The Jammer: a Roller Derby Love Story
nytheatre.com review by J Jordan & Don Jordan
August 15, 2004
The Jammer!, by Rolin Jones arrives at this year’s FringeNYC Festival promising a performance that is “half sport, half show, all action,” as well as calling itself “the King Lear of roller derby plays”. The sport in question is, of course, roller derby and the show centers around a young man working in a cardboard factory with the God-given talents of speed and style that propel him into the sport’s seedy underworld. With the luxury of a very professional (i.e., well-heeled) production team, all of whom graduated from Yale School of Drama and have worked together in the past, The Jammer! certainly does its best to fulfill these goals.

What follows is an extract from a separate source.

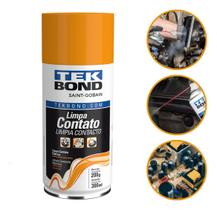 Spray Limpa Contato Elétrico Eletrônico 300ml Tek Bond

On some levels the show is very successful, including a very talented cast, especially Jeanine Serrales as a madcap named Lindy. The creative use of space was very simple yet specific, and set designer Sandra Goldmark deserves accolades for fitting a rollerdome-sized show into a small rehearsal space. The roller derby choreography, seamlessly created by Tim Acito, is sharp and clever. The story, while contrived and predictable, is fun and well-paced and the writing is tight if not original.
It was obvious, however, that this was not the first venue in which the show had appeared, and for this reason The Jammer! seems out of place. Why is such a slick production appearing as part of the Fringe and playing in a dinky little rehearsal room? Additionally, everyone on stage and in the audience seemed to be from Yale except for the two of us, and we felt like there was an inside joke we had been left out of. (J felt like she was crashing the party rather than being invited to it.)
In the end, though, The Jammer! is hard not to like—a fine piece of theater that lived up to one of its promises. We’re not so sure about the King Lear thing, but we’ll ‘roll’ with it.